Stored records
......
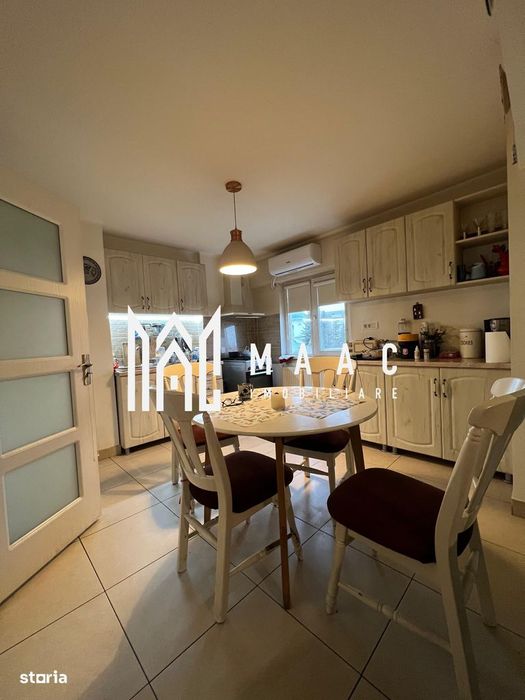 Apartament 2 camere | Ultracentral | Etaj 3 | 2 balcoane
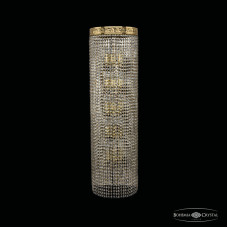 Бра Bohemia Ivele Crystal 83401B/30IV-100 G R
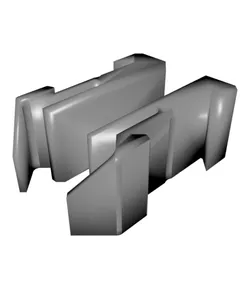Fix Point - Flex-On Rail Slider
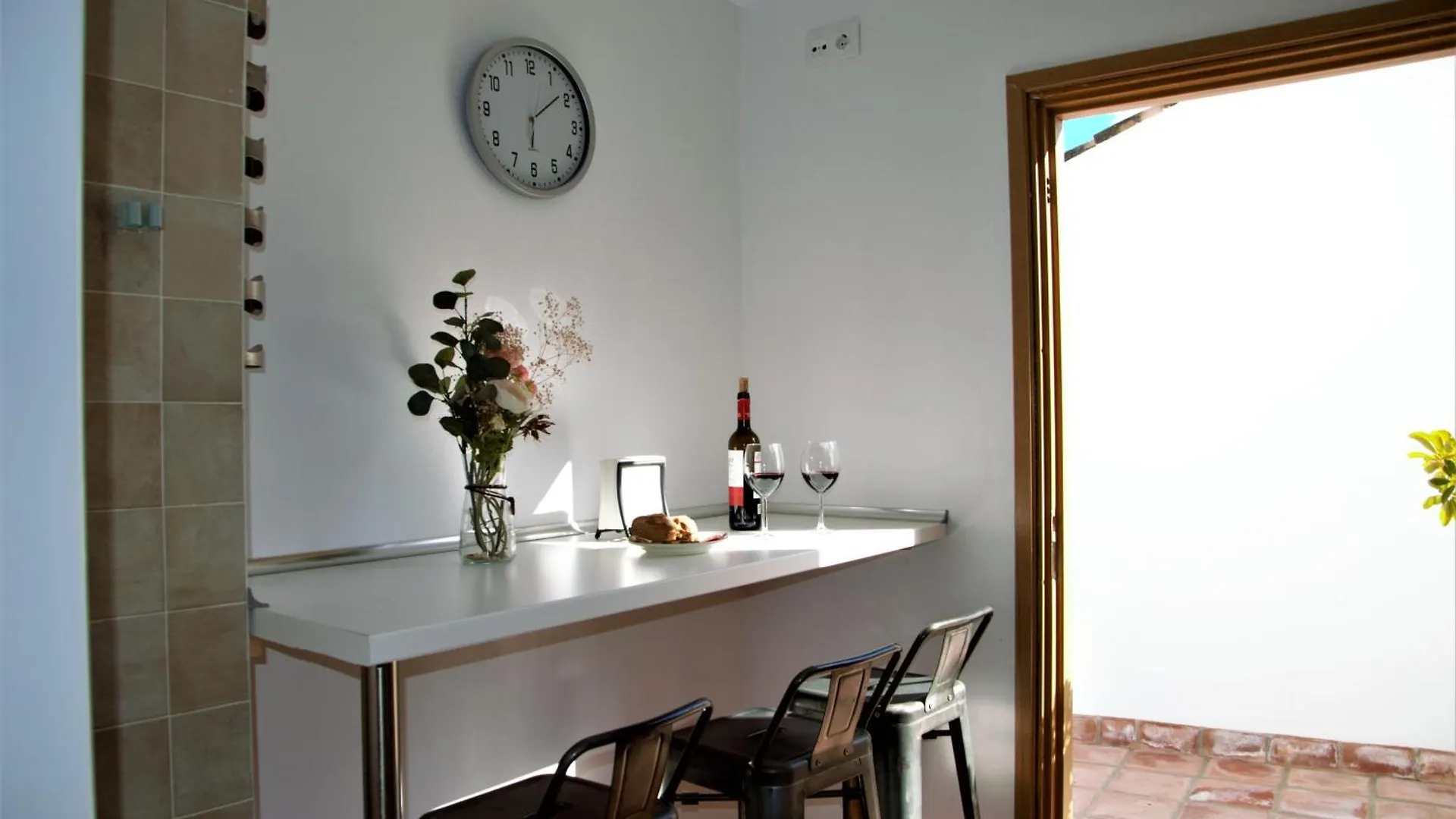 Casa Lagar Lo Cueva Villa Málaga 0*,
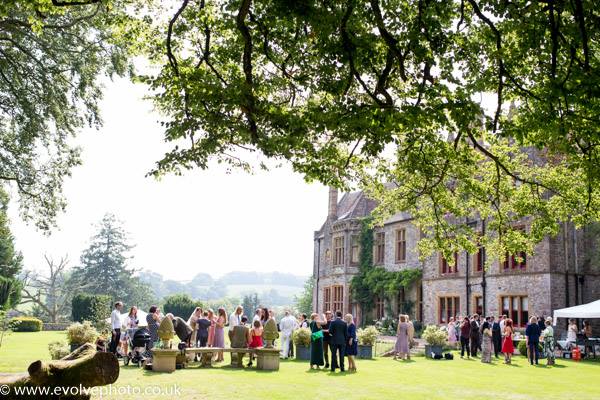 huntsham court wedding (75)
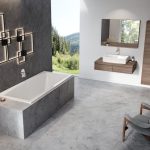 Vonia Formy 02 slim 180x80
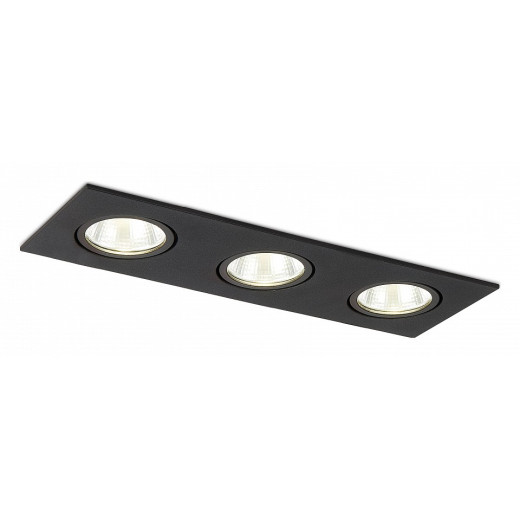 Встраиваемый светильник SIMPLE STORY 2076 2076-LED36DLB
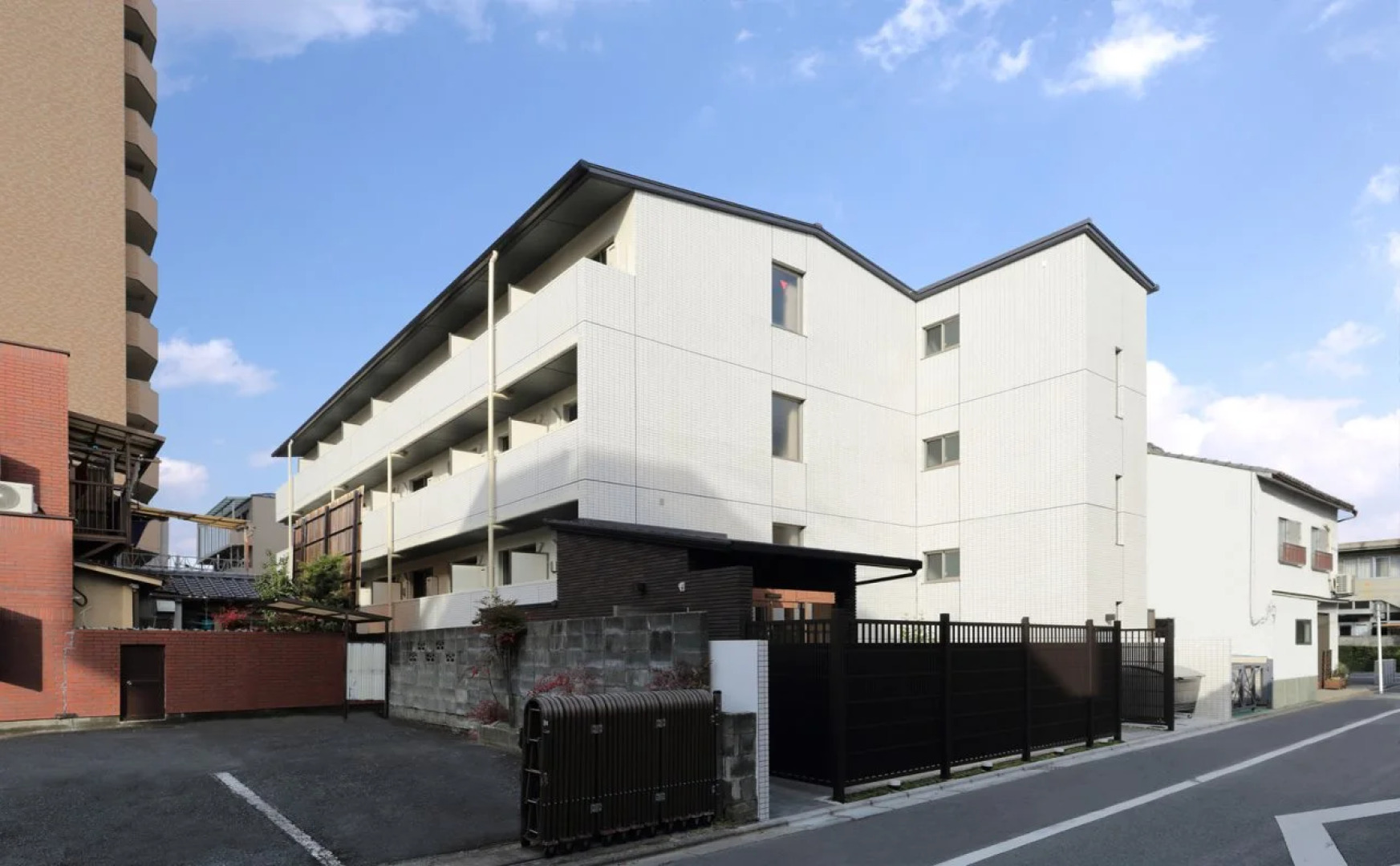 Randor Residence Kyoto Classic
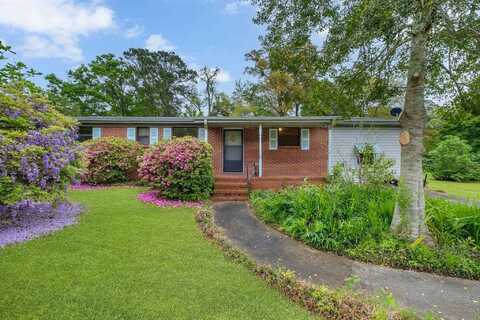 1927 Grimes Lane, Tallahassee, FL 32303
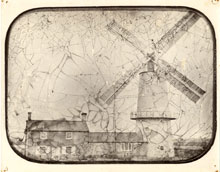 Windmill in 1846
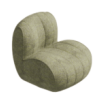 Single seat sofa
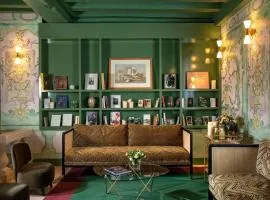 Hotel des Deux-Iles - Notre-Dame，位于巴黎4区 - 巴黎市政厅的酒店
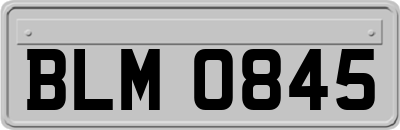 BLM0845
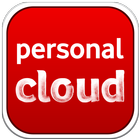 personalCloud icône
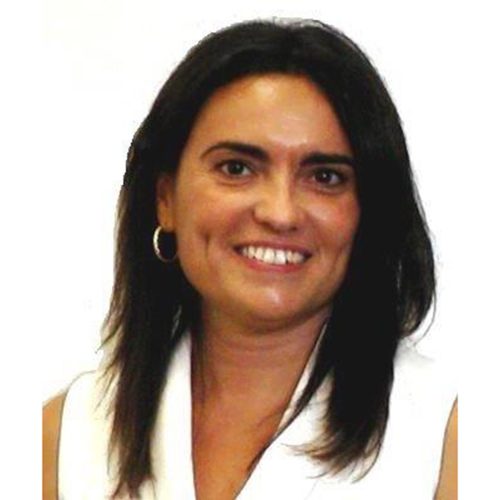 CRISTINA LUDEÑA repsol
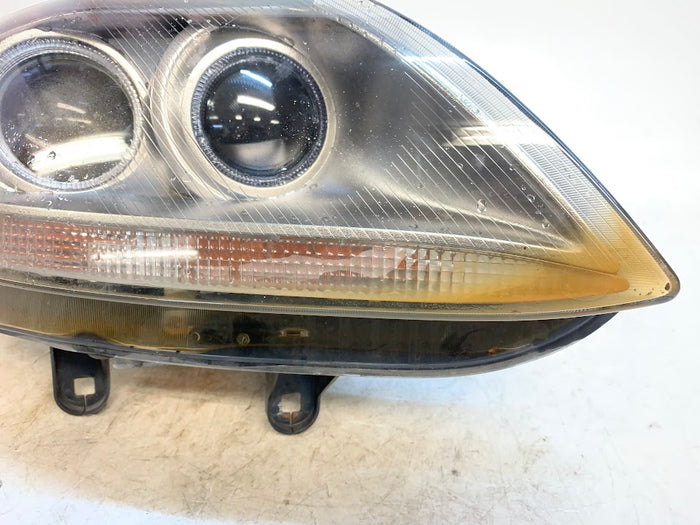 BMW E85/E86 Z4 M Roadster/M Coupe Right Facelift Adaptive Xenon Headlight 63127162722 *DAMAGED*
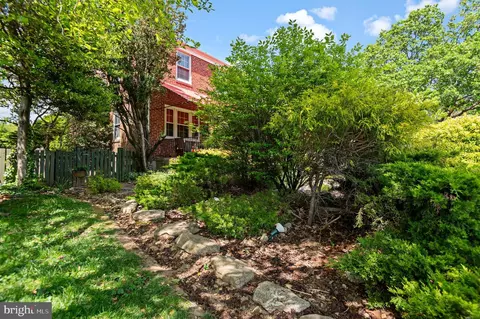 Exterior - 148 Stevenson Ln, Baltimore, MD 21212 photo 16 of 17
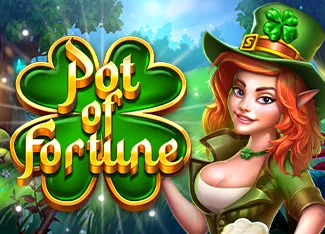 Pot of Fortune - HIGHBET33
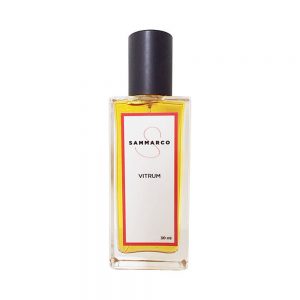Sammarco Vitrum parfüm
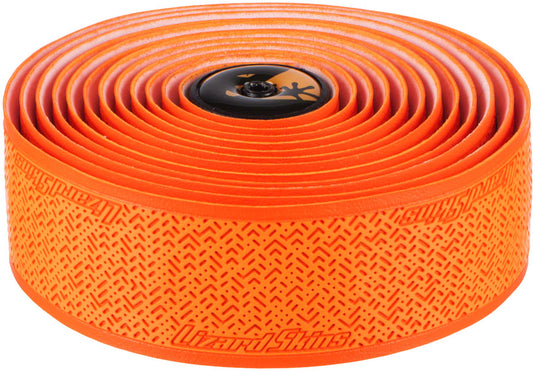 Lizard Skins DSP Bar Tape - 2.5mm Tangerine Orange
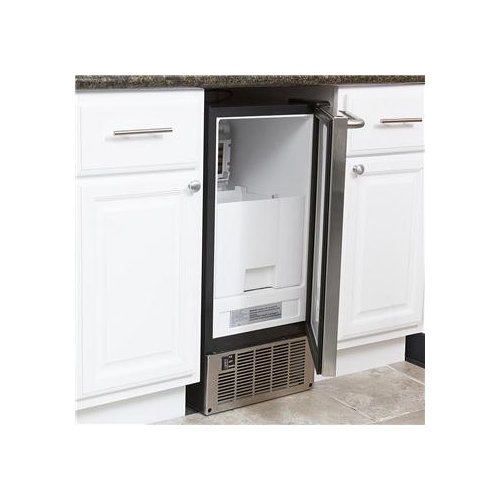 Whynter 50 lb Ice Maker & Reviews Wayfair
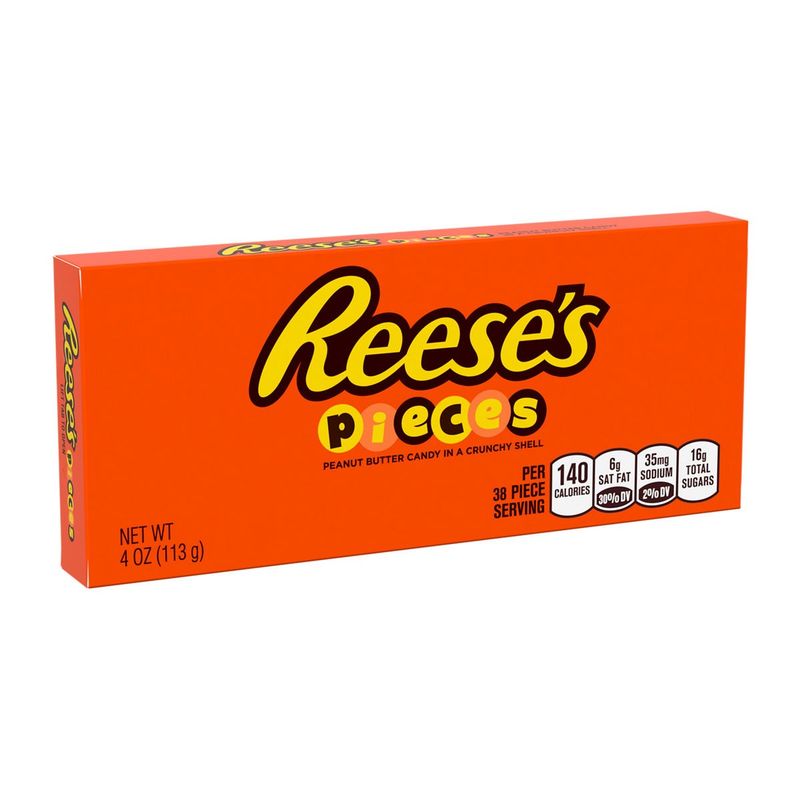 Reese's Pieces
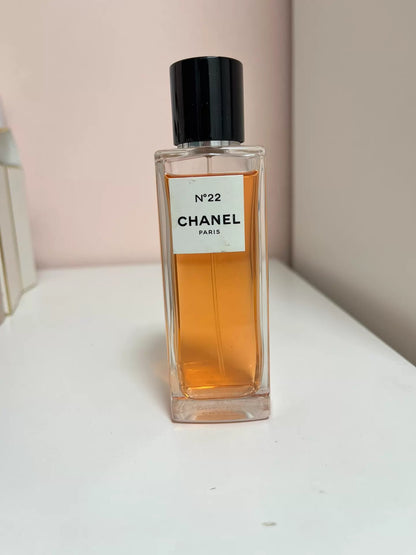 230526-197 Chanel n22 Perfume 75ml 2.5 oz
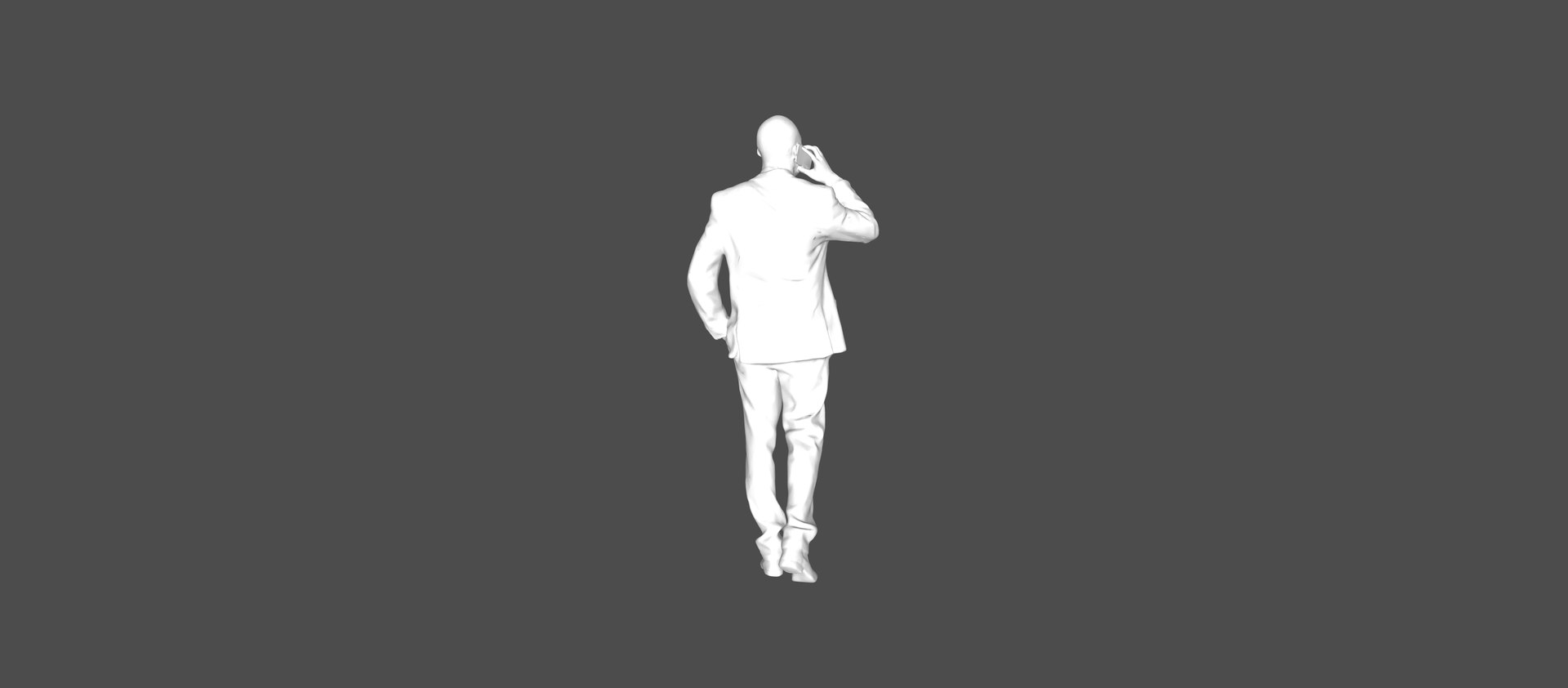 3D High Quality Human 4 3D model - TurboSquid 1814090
......
In the records above, find the line containing "Single seat sofa" and output every line from the first through that one, exactly, omitting pictures.

 Apartament 2 camere | Ultracentral | Etaj 3 | 2 balcoane
 Бра Bohemia Ivele Crystal 83401B/30IV-100 G R
Fix Point - Flex-On Rail Slider
 Casa Lagar Lo Cueva Villa Málaga 0*,
 huntsham court wedding (75)
 Vonia Formy 02 slim 180x80
 Встраиваемый светильник SIMPLE STORY 2076 2076-LED36DLB
 Randor Residence Kyoto Classic
 1927 Grimes Lane, Tallahassee, FL 32303
 Windmill in 1846
 Single seat sofa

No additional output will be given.